Schuette: DDA funds can be used on new Red Wings arena
Michigan Attorney General Bill Schuette has issued an opinion that Detroit Downtown Development Authority funds can be used to develop a planned $450 million hockey arena in the city.
Schuette issued his opinion on the constitutionality of using the DDA funds early Thursday morning.
“This opinion builds upon existing state Supreme Court precedent, as well as previous AG opinions from as far back as Frank Kelley,” Schuette said in a press release. “The DDA Act was enacted to provide a tool to aid municipalities ... thereby benefiting the economic growth of a designed development area.”
The new home for the Red Wings is the center of a planned $650 million, 45-block transformation of a mostly gritty, undeveloped area on the northern edge of downtown.
The arena district will contain residential units, approved retail businesses and hotels.
The arena district is bounded by Woodward on the east, Henry on the south, Clifford on the west and Sproat to the north. Renderings show a glass-roofed concourse and a roof emblazoned with the Detroit Red Wings logo.
The bowl-like arena is expected to be finished in summer 2017 with the Red Wing front office promising that it will be the “tightest, most intimate bowl in the NHL.”
Key features of the arena district include:
■Event Center/Arena footprint: About 785,000 square feet; 12.37 acres with the bottom elevation of the bowl about 40 feet below grade. The bowl rises about 75 feet above grade, the height of an eight-story building.
■Seating for Event Center/Arena: About 20,000.
■Piazza: Central gathering space for pre-event concerts as well as smaller events. It will remain open to the public when there is not an event.
■Via: The glass enclosure linking the adjacent buildings to the event center/arena as part of the “deconstructed” design.
■Parking: One parking structure with about 1,200 parking spaces is being proposed.
■Transit: An M-1 rail streetcar station is planned at the northeast entrance.
■Residential: About 184 residential units with 16 townhouses and 168 apartments, ranging in size from 690 square feet to 1,365 square feet.
Businesses that would not be allowed within the arena area include: pawnshops, warehouses, bail bond services, topless clubs, rehab clinics, and psychic or tarot card reading businesses.

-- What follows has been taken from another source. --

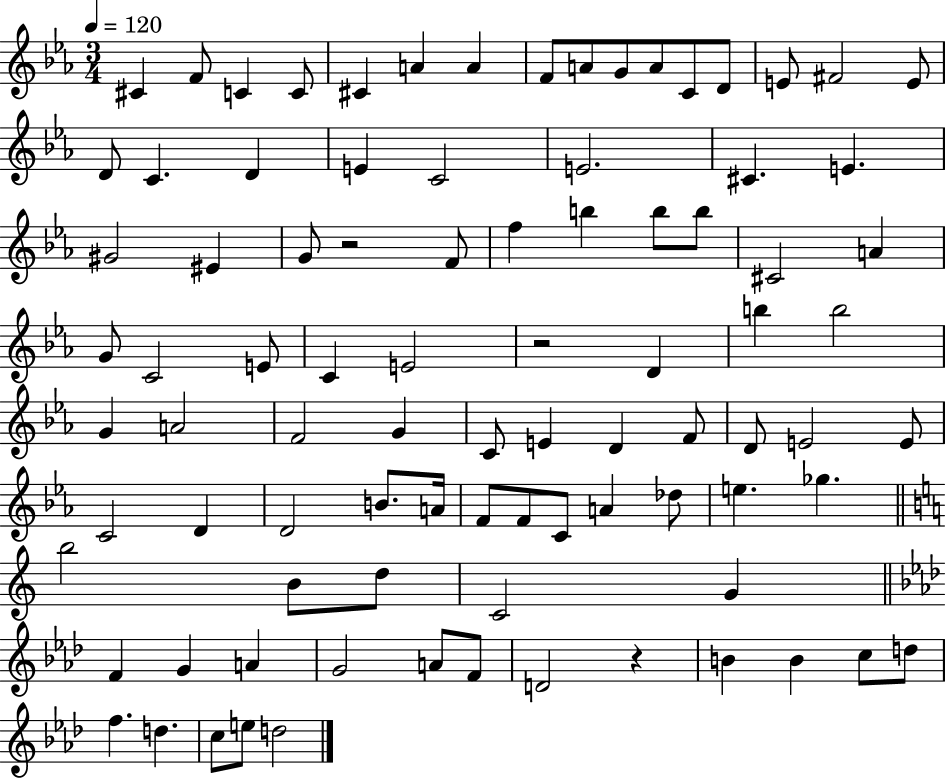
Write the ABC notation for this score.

The 45-block entertainment district will be as large as Washington’s Georgetown neighborhood, New York City’s Greenwich Village or Boston’s Back Bay, Olympia officials said.
Critics decry the mix of public/private funding and its sheer scope.
In 2012, 30-year bonds were approved by the state Legislature to cover construction of the arena.
In June 2013, Olympia Development and Detroit’s Downtown Development Authority agreed to a 58/42 split to pay off the construction debt.
Property and school taxes already captured by the DDA will pay $262 million. Olympia will pay $188 million. DDA funds to be used for the arena can be used only for economic development within its district. The state reimburses schools for diverted money.
Olympia keeps all revenue, including concessions and parking, and any naming rights deal. In an earlier interview with The Detroit News, Christopher Ilitch, president and CEO of Ilitch Holdings Inc, defended the way the arena was paid.
“A public-private partnership is the only way any of these type of projects work in an urban environment,” he said.
He pointed out that while The Palace of Auburn Hills was paid for by private owners, the key difference is it’s an isolated venue in the suburbs.
“The Palace gets all the revenues from parking, concessions, retail,” Ilitch said, pointing out that those sources of revenue are key to the financial success of a major venue.
Olympia must spend, or get others to invest, at least $200 million in development in the 45-block entertainment district. That spending must begin no later than five years after the arena’s 2017 opening, but Olympia has promised to spend $100 million while the arena is being built.